The present invention is directed to a process for producing precipitated calcium carbonate with improved resistance to structural breakdown, wherein the milk of lime is carbonated in the presence of at least one gas other than carbon dioxide, or the carbonation is carried out in the presence of a static gas bubble comminution unit as well as to precipitated calcium carbonate obtained by such a process.

Claims

1. A process for producing precipitated calcium carbonate comprising the steps of: a) providing a calcium oxide containing material, b) providing an aqueous solution, c) providing a gas comprising carbon dioxide, d) preparing a milk of lime comprising Ca(OH).sub.2 by mixing the aqueous solution of step b) with the calcium oxide containing material of step a), e) carbonating the milk of lime obtained from step d) with the gas of step c) to form an aqueous suspension of precipitated calcium carbonate, wherein: the carbonation is carried out in the presence of a static gas bubble comminution unit that is located in the milk of lime and the gas of step c) is flushed around and/or through the static gas bubble comminution unit.

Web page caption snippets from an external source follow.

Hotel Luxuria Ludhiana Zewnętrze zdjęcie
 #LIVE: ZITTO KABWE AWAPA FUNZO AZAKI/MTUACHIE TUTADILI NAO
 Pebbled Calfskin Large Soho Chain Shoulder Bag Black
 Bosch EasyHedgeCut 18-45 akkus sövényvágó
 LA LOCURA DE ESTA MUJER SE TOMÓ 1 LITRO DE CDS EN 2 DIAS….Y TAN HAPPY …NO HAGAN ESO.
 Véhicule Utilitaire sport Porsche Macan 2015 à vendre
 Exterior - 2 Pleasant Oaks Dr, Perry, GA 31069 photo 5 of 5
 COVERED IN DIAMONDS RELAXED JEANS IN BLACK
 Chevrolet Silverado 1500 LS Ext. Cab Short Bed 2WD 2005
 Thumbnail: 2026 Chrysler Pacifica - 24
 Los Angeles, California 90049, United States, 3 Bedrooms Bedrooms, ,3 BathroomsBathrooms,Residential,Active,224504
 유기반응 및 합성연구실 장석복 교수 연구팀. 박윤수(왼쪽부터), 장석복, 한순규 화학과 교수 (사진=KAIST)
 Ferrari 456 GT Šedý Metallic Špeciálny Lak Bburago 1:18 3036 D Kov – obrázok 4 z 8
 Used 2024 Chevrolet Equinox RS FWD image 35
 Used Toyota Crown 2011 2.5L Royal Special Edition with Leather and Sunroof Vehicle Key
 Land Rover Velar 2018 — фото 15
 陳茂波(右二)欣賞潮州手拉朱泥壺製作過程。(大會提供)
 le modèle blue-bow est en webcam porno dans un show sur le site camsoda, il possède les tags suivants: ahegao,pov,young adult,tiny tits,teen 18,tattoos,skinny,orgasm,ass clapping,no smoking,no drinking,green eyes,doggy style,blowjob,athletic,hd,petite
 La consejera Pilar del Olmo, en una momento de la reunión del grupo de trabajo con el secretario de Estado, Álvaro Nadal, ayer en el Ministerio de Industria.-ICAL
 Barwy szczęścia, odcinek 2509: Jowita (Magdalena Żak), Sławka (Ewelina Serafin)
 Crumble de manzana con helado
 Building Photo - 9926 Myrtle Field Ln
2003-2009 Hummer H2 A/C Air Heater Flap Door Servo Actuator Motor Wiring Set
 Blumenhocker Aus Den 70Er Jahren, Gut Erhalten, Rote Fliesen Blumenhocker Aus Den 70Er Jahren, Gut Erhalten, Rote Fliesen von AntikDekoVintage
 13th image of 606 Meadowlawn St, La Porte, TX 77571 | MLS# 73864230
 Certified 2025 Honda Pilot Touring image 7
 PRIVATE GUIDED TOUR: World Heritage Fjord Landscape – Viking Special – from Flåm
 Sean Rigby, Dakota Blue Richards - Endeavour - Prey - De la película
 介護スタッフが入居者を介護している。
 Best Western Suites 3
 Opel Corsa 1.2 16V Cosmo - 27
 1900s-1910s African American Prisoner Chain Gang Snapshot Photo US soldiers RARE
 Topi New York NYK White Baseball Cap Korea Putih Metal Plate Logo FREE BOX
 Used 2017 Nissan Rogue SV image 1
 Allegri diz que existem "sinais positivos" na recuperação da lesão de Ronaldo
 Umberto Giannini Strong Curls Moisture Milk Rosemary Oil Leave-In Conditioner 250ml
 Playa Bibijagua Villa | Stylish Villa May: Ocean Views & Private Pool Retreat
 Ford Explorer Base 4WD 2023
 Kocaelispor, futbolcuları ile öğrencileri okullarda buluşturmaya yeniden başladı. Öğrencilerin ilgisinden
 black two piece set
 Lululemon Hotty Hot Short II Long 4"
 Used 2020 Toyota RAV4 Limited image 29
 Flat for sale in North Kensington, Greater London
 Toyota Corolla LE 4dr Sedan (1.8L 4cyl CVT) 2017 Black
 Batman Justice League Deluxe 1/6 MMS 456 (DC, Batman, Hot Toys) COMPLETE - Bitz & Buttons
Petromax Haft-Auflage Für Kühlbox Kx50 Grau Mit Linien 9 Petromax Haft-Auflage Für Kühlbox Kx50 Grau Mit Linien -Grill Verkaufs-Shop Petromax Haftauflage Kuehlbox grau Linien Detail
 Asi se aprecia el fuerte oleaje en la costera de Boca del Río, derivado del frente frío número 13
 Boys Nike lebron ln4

2. The process of claim 1, wherein the gas of step c) further comprises at least one gas other than carbon dioxide and the gas of step c) is introduced at a rate of 0.06 to 5.00 kg gas/h per kg of dry Ca(OH).sub.2 with the proviso that the carbon dioxide is introduced at a rate of 0.05 to 3.50 kg CO.sub.2/h per kg of dry Ca(OH).sub.2.

3. The process of claim 1, wherein the aqueous solution of step b) consists of water.

4. The process of claim 1, wherein the aqueous solution of step b) comprises one or more further additives selected from the group consisting of water soluble polymers, calcium carbonate nanoparticles, water-soluble calcium salts, and slaking additives.

5. The process of claim 1, wherein the calcium oxide containing material of step a) and the aqueous solution of step b) are mixed in a mass ratio from 1:1 to 1:15.

6. The process of claim 1, wherein the calcium oxide containing material of step a) and the aqueous solution of step b) are mixed in a mass ratio from 1:4 to 1:12.

7. The process of claim 1, wherein the gas of step c) comprises between 4 and 99 vol.-% carbon dioxide, based on the total volume of the gas.

8. The process of claim 1, wherein the gas of step c) comprises between 6 and 40 vol.-% carbon dioxide, based on the total volume of the gas.

9. The process of claim 1, wherein the gas of step c) comprises between 8 and 25 vol.-% carbon dioxide, based on the total volume of the gas.

10. The process of claim 1, wherein the gas in step e) is introduced at a rate of 0.06 to 5.00 kg gas/h per kg of dry Ca(OH).sub.2, and/or the carbon dioxide is introduced at a rate of 0.05 to 3.50 kg CO.sub.2/h per kg of dry Ca(OH).sub.2.

11. The process of claim 1, wherein the gas in step e) is introduced at a rate of 0.09 to 4.00 kg gas/h per kg of dry Ca(OH).sub.2, and/or the carbon dioxide is introduced at a rate of 0.07 to 2.00 kg CO.sub.2/h per kg of dry Ca(OH).sub.2.

12. The process of claim 1, wherein the gas in step e) is introduced at a rate of 0.12 to 3.00 kg gas/h per kg of dry Ca(OH).sub.2, and/or the carbon dioxide is introduced at a rate of 0.10 to 1.50 kg CO.sub.2/h per kg of dry Ca(OH).sub.2.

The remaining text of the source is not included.